Opinion
No. CV 94 0065542
May 24, 1995
MEMORANDUM OF DECISION RE: MOTION TO STRIKE (#146)
The plaintiff, National Mortgage Co., instituted this foreclosure action against the defendants, Alan Temkin and A.T. Properties, Inc. The complaint alleges that the defendants Temkin and A.T. Properties promised by way of a note to pay to Citytrust the principal sum of five hundred thousand dollars with interest. The complaint also alleges that to secure this obligation, the defendants mortgaged to Citytrust parcels of property in Litchfield and Torrington, Connecticut, as well as executed an assignment of leases and a financing statement, all of which were duly recorded in the land records. The plaintiff now owns the note and mortgage by virtue of an endorsement of the note and assignments of the mortgage. The plaintiff claims that the despite demand and maturity, the defendants have neglected and refused to pay the amounts due under the note and it seeks to foreclose the mortgage.

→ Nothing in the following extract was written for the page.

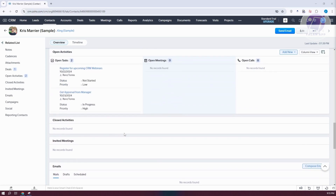Clicking on a contact shows detailed information including reporting contacts, socials, campaigns, and emails — any information you need to add goes here. If there are tasks related to a specific contact, you can see them here. For example, a contact might have a task like registering for an upcoming CRM webinar. This lets you view all interrelated information for a contact or account.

The complaint also names as defendants individuals who may claim interests in the mortgaged properties that are subsequent to the plaintiff's interest. Among these defendants are tenants whose interest arises by virtue of unrecorded leases, including the defendants Terri Morrison, Cindy Jock, Eileen Doyle, Diane Persechino, Daniel Dileo and Denise Dileo. These defendants now move to strike the complaint on the grounds of nonjoinder of a necessary party. The defendants claim that the Secretary of the United States Department of Housing and Urban Development (HUD), Henry G. Cisneros, is a necessary party to this action because of a Housing Assistance Payments Contract entered into between HUD and the defendant-mortgagor Temkin. In support of their motion, the defendants filed a memorandum of law. The plaintiff filed a memorandum of law in opposition to the motion on April 28, 1995. The parties argued this motion at short calendar on May 1, 1995.

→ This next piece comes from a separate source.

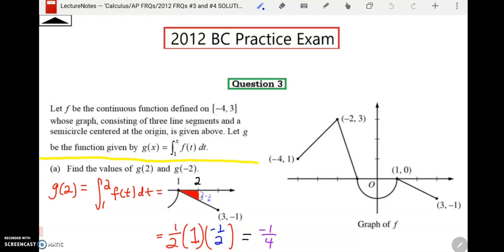When you integrate from one to two of F of T dT, you go back to what you know about integrals — the area under the curve of F, and they gave you the graph. The area under the curve turns out to be more like the area above the curve because from one to two, the graph of F is below the x-axis, so right away your answer is going to be negative. It's a triangular region, so you use one-half base times height. The base is the width from one to two and the height is negative one-half, so negative one-fourth is the value of G of two.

At oral argument the defendants objected to the timeliness of the plaintiff's filing of its memorandum of law. Practice Book Sec. 155 requires that an adverse party objecting to a motion to strike file a memorandum of law at least five days before the date the motion is considered on the short calendar. Practice Book Sec. 155. This section was amended in 1989 "so that a party who files an untimely memorandum is no longer deemed to consent to the granting of a motion made under either section." Southport Manor Convalescent Center v. Foley, 216 Conn. 11, 12 n. 1, 578 A.2d 646 (1990). "Although a timely opposing memorandum is required, the failure to so file it can be waived by the trial court."Fitzpatrick v. East Hartford B.P.O. Elks, 3 Conn. L. Rptr. 163, 164 (January 25, 1991, Clark, J.). The court waives the untimely filing and will address the merits of the defendants' motion.

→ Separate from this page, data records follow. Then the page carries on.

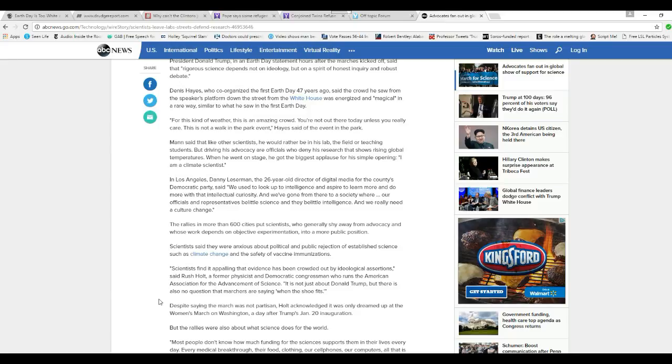It's not just about Donald Trump, but there's also no question that marchers are saying when it's true it fits. Despite saying the march was not partisan, Holt acknowledged that it was only dreamed up at the Women's March in Washington the day after Trump's January 20 inauguration. But the realities are also about what science does for the world.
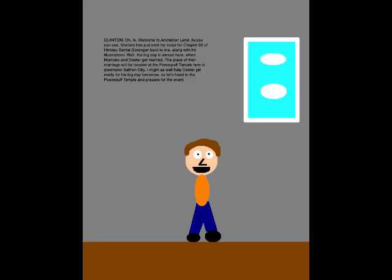Oh, hi! Welcome to Animation Land! As you can see, Shotaro has just sent my script for Chapter 55 and he wants Sentai GoRanger back to me, along with his illustrations. Well, the big day is almost here when Momoko and Dexter get married. The place of their marriage will be located in the Powerbuff Temple here in downtown Saffron City. Might as well help Dexter get ready for his big day tomorrow, so let's head to the Powerbuff Temple and prepare for the event!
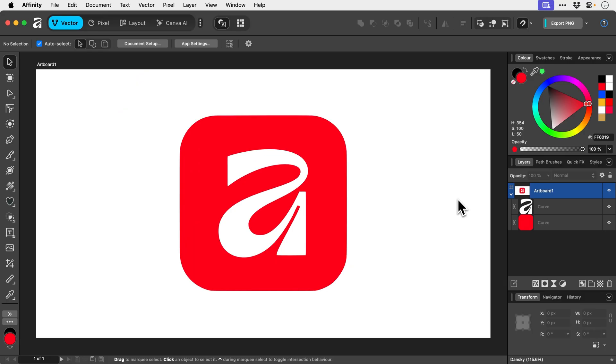So yeah, depending on how much detail your starting image has is going to determine the tracing result. The higher quality the image, the better trace you're going to get. And there we go. That is the image trace feature in Affinity.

"The motion to strike, Practice Book, 1978, § 151, replaced the demurrer in our practice. Its function, like that which the demurrer served, is to test the legal sufficiency of a pleading."Ferryman v. Groton, 212 Conn. 138, 142, 561 A.2d 432 (1989). A motion to strike is the proper means to contest the legal sufficiency of a complaint because of the absence of any necessary party. Practice Book § 152(3). On a motion to strike, "all facts well pleaded and those facts necessarily implied from the allegations are taken as admitted." Amodio v. Cunningham, 182 Conn. 80, 82-83, 438 A.2d 6 (1980). "[T]he court must construe the facts alleged in a pleading in the manner most favorable to the plaintiff." Rowe v. Godou, 209 Conn. 273, 278, 550 A.2d 1073 (1988). "In deciding upon a motion to strike. . . a trial court must take the facts to be those alleged in the complaint."Liljedahl Bros., Inc. v. Grigsby, 215 Conn. 345, 348, 576 A.2d 149 (1990).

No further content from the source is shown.